Unsupervised methods¶

In this lesson, we'll cover unsupervised computational text anlalysis approaches. The central methods covered are TF-IDF and Topic Modeling. Both of these are common approachs in the social sciences and humanities.

DTM/TF-IDF

Topic modeling

Today you will¶

Understand the DTM and why it's important to text analysis
Learn how to create a DTM in Python
Learn basic functionality of Python's package scikit-learn
Understand tf-idf scores
Learn a simple way to identify distinctive words
Implement a basic topic modeling algorithm and learn how to tweak it
In the process, gain more familiarity and comfort with the Pandas package and manipulating data

Time¶

Teaching: 30 minutes
Exercises: 30 minutes

Key Jargon¶

Document Term Matrix:
- a matrix that describes the frequency of terms that occur in a collection of documents. In a document-term matrix, rows correspond to documents in the collection and columns correspond to terms.
TF-IDF Scores:
- short for term frequency–inverse document frequency, is a numerical statistic that is intended to reflect how important a word is to a document in a collection or corpus.
Topic Modeling:
- A general class of statistical models that uncover abstract topics within a text. It uses the co-occurrence of words within documents, compared to their distribution across documents, to uncover these abstract themes. The output is a list of weighted words, which indicate the subject of each topic, and a weight distribution across topics for each document.
LDA:
- Latent Dirichlet Allocation. A particular model for topic modeling. It does not take document order into account, unlike other topic modeling algorithms.

DTM/TF-IDF ¶

In this lesson we will use Python's scikit-learn package learn to make a document term matrix from a .csv Music Reviews dataset (collected from MetaCritic.com). We will then use the DTM and a word weighting technique called tf-idf (term frequency inverse document frequency) to identify important and discriminating words within this dataset (utilizing the Pandas package). The illustrating question: what words distinguish reviews of Rap albums, Indie Rock albums, and Jazz albums?

In [ ]:

import os
import numpy as np
import pandas as pd

DATA_DIR = '../data'
music_fname = 'music_reviews.csv'
music_fname = os.path.join(DATA_DIR, music_fname)

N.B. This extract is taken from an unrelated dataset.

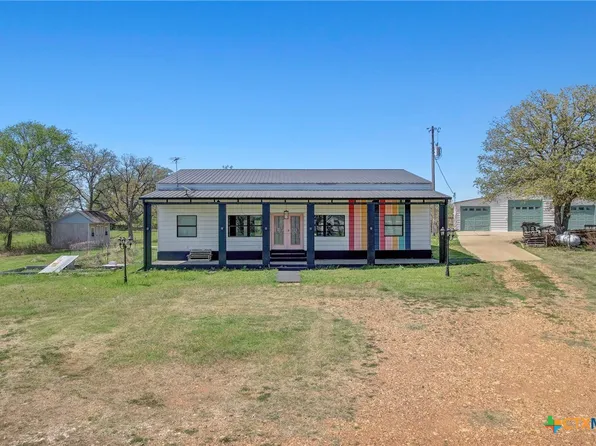 1025 County Road 454, Lincoln, TX 78948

First attempt at reading in file¶

In [ ]:

reviews = pd.read_csv(music_fname)
reviews.head()

Challenge¶

Our first attempt at reading in the csv file failed. Why?

In [ ]:

Print the text of the first review.

In [ ]:

print(reviews['body'][0])

Explore the Data using Pandas¶

Let's first look at some descriptive statistics about this dataset, to get a feel for what's in it. We'll do this using the Pandas package.

Note: this is always good practice. It serves two purposes. It checks to make sure your data is correct, and there's no major errors. It also keeps you in touch with your data, which will help with interpretation. <3 your data!

First, what genres are in this dataset, and how many reviews in each genre?

In [ ]:

#We can count this using the value_counts() function
reviews['genre'].value_counts()

The first thing most people do is to describe their data. (This is the summary command in R, or the sum command in Stata).

In [ ]:

#There's only one numeric column in our data so we only get one column for output.
reviews.describe()

This only gets us numerical summaries. To get summaries of some of the other columns, we can explicitly ask for it.

In [ ]:

reviews.describe(include=['O'])

Who were the reviewers?

In [ ]:

reviews['critic'].value_counts().head(10)

And the artists?

In [ ]:

reviews['artist'].value_counts().head(10)

We can get the average score as follows:

In [ ]:

reviews['score'].mean()

What's the distribution of scores?

In [ ]:

reviews['score'].plot(kind='hist');

Now we want to know the average score for each genre? To do this, we use Pandas groupby function. You'll want to get very familiar with the groupby function. It's quite powerful.

In [ ]:

reviews_grouped_by_genre = reviews.groupby("genre")
reviews_grouped_by_genre['score'].mean().sort_values(ascending=False)

Creating the DTM using scikit-learn¶

Ok, that's the summary of the metadata. Next, we turn to analyzing the text of the reviews. Remember, the text is stored in the 'body' column. First, a preprocessing step to remove numbers.

In [ ]:

def remove_digits(comment):
    return ''.join([ch for ch in comment if not ch.isdigit()])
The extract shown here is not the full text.